> [THE TASK]
Look below for the line containing "n n n pollakiurie, bouche"; from there, print each line exactly up to and including the line containing "国内访问沙特阿拉伯ERP、O", and stop.

> [DATASET EXCERPTS]
▼

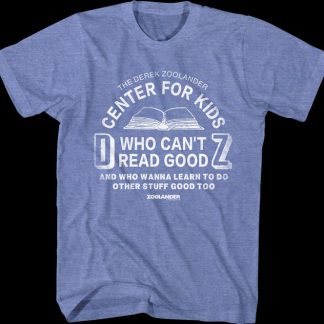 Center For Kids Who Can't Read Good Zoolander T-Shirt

▲
▼

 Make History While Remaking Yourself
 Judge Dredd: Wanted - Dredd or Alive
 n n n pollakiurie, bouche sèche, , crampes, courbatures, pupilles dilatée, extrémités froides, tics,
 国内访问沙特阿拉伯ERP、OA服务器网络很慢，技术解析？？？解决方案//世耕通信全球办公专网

▲

> [RESPONSE]
 n n n pollakiurie, bouche sèche, , crampes, courbatures, pupilles dilatée, extrémités froides, tics,
 国内访问沙特阿拉伯ERP、OA服务器网络很慢，技术解析？？？解决方案//世耕通信全球办公专网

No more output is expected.